Sump Plate, Broken bolt now a major issue

big_ang

XS650 Member
Messages
18
Reaction score
0
Points
1
Location
Mississauga
The previous owner left me a nice gift. I suspect the previous owner snapped a tap in the block and not just a bolt. I've heard of people using bolts that are too long, and when they bottom out the end pops off, but I don't think that happened here because it looks like the hole was drilled clean all the way through. Whatever was stuck was in there really tight and there wasn't enough left to be able to extract it. I drilled as much of it out as I could, but it was super hard. When I tried to tap it, my tap also broke.

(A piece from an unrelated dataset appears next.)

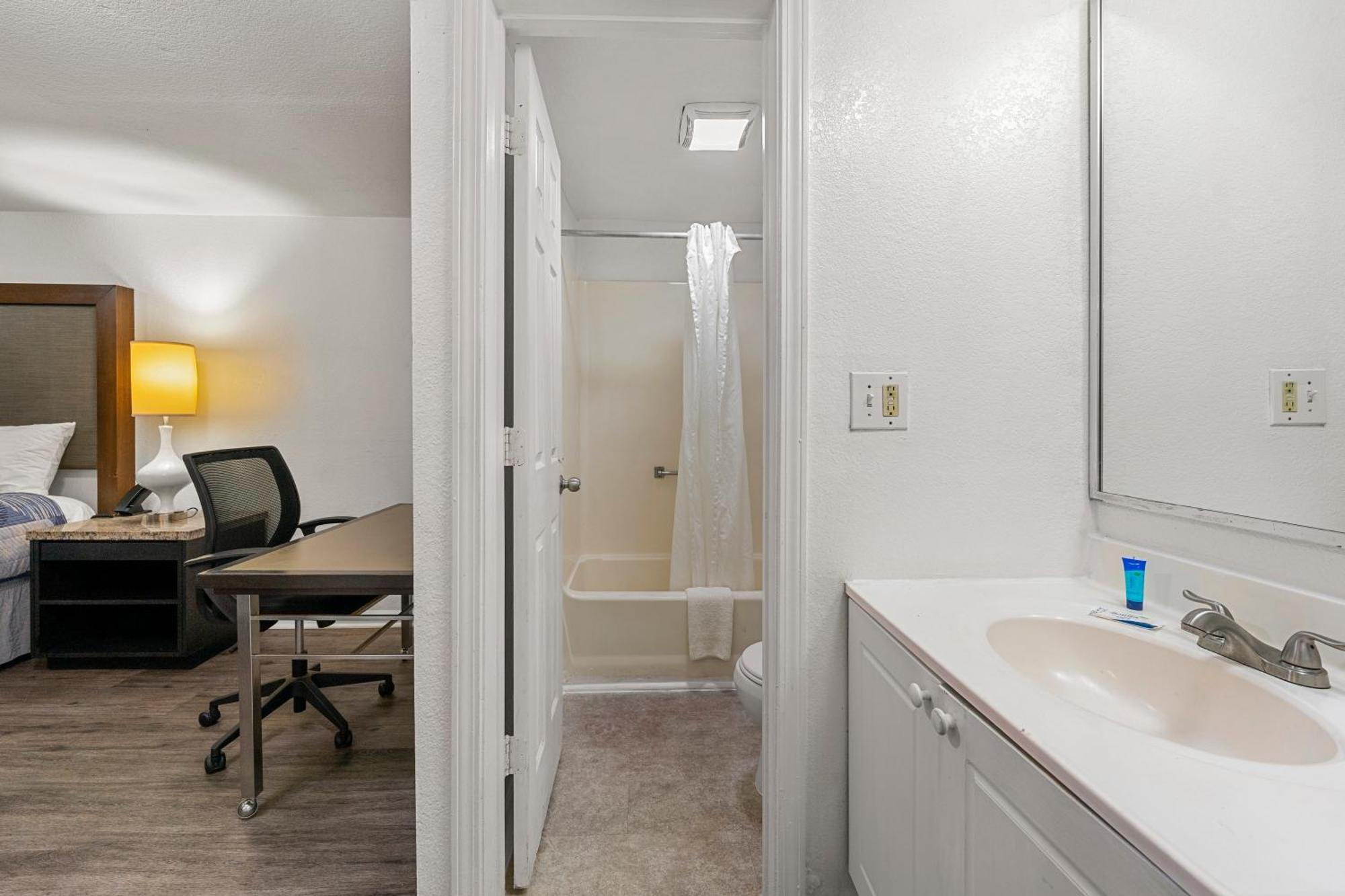 Extended Stay Studios Montgomery Exterior photo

The block is also damaged where the sump plate was hitting against the frame/side stand. I don't think the crack will leak, but the bottom of the bike was covered in oil.

I don't know what to do.
- I thought about just filling it in with JB Weld so oil doesn't come out and using one less bolt. This is the easiest option.
- The other option would be to put the bike on its side and drill a really big hole and then tap it again, to say M12. Then when I have a big bolt in with red locktight I can cut the head off and grind it flush. Then I can drill the hole and tap it for the M6x1 bolt in the right position.

What should I do?

xs650 cracked block.jpg


xs650 cracked block2.jpg


xs650 broken tap.jpg


Thanks,
Angelo
 
Had a similar problem once... It really sucks. I had a welder/machinist extract it by tacking a nut to the end, then was able to back it out. If there is enough meat there to do your M12 bolt idea, then go for it. For mine I had messed things up so bad, that wouldn't have worked. What I did is fill the hole with JB Weld, then drilled and tapped the JB Weld. Smoothed it off, then when mounting my engine cover, gave that bolt very little torque. It’s still holding, but sweating a little oil.
 
It might be a broken screw extractor in there. Very hard metal. If you can remove it, you can get threaded inserts to reduce it back down to the proper size (or close). Look for Time-serts or Keen-serts. McMaster-Carr carries them; www.mcmaster.com

Just noticed McMaster doesn't list them by their brand names. You're looking for locking threaded inserts.
 
Correct me if I am wrong but am I seeing a cracked and bent area right where the corner of the sump plate goes? You may more issues than the broken tap, it may not seal up properly. Hell that may be why the PO tried to tap that hole.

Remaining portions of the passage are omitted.